_Brief_
Below this line is a set of entries; quote exactly the lines from the line that contains "Dwupiętrowy dom z" to the line that contains "Bride and groom", both lines included.

* * *

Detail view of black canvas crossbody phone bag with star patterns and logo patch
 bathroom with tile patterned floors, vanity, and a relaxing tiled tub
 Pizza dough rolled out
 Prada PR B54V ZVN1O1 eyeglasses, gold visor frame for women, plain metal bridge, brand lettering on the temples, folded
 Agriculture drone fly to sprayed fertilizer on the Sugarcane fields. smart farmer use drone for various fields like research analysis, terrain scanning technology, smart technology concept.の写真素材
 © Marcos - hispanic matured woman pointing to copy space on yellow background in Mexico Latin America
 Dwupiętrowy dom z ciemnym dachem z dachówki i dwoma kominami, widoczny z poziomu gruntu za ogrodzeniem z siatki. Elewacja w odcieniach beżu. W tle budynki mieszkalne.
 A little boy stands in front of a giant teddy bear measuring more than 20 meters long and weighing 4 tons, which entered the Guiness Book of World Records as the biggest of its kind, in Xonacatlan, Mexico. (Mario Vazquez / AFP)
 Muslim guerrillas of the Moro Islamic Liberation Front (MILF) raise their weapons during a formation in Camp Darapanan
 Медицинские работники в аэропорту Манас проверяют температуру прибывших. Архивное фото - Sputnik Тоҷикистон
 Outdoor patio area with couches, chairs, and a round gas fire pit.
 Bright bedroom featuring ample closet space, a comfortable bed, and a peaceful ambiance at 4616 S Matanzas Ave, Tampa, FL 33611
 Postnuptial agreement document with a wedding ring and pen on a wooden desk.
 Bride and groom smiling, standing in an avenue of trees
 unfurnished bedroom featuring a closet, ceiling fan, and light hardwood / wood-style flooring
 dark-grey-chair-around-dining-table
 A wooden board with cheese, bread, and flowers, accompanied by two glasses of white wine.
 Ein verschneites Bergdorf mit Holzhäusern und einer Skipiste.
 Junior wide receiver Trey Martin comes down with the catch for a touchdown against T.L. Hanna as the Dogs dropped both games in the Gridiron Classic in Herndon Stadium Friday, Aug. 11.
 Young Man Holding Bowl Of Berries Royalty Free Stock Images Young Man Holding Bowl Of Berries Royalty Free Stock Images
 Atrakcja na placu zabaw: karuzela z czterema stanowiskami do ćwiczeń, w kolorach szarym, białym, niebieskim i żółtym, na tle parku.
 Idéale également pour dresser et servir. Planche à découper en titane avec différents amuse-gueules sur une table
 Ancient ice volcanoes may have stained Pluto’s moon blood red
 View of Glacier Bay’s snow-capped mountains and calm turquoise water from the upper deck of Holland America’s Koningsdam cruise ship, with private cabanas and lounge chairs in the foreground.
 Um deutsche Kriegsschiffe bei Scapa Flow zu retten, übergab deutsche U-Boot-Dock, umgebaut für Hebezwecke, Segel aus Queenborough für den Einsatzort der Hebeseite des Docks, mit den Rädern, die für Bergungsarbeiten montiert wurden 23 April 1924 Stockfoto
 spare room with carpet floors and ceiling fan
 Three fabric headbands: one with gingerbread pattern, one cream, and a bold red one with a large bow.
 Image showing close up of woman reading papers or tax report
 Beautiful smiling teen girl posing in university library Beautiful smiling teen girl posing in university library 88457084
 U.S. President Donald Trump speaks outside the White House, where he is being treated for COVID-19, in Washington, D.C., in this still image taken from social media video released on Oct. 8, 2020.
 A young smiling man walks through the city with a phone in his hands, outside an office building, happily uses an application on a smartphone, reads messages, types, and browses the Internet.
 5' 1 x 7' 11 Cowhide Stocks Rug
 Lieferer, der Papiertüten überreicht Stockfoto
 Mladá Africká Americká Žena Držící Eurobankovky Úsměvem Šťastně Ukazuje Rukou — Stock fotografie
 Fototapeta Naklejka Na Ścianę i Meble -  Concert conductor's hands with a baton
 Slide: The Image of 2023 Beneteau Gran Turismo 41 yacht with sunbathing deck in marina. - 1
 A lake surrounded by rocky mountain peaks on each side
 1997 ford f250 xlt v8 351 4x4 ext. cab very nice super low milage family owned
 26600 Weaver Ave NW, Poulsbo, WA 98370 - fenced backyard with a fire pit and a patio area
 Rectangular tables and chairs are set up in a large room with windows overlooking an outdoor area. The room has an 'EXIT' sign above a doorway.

* * *

_Answer to this problem_
 Dwupiętrowy dom z ciemnym dachem z dachówki i dwoma kominami, widoczny z poziomu gruntu za ogrodzeniem z siatki. Elewacja w odcieniach beżu. W tle budynki mieszkalne.
 A little boy stands in front of a giant teddy bear measuring more than 20 meters long and weighing 4 tons, which entered the Guiness Book of World Records as the biggest of its kind, in Xonacatlan, Mexico. (Mario Vazquez / AFP)
 Muslim guerrillas of the Moro Islamic Liberation Front (MILF) raise their weapons during a formation in Camp Darapanan
 Медицинские работники в аэропорту Манас проверяют температуру прибывших. Архивное фото - Sputnik Тоҷикистон
 Outdoor patio area with couches, chairs, and a round gas fire pit.
 Bright bedroom featuring ample closet space, a comfortable bed, and a peaceful ambiance at 4616 S Matanzas Ave, Tampa, FL 33611
 Postnuptial agreement document with a wedding ring and pen on a wooden desk.
 Bride and groom smiling, standing in an avenue of trees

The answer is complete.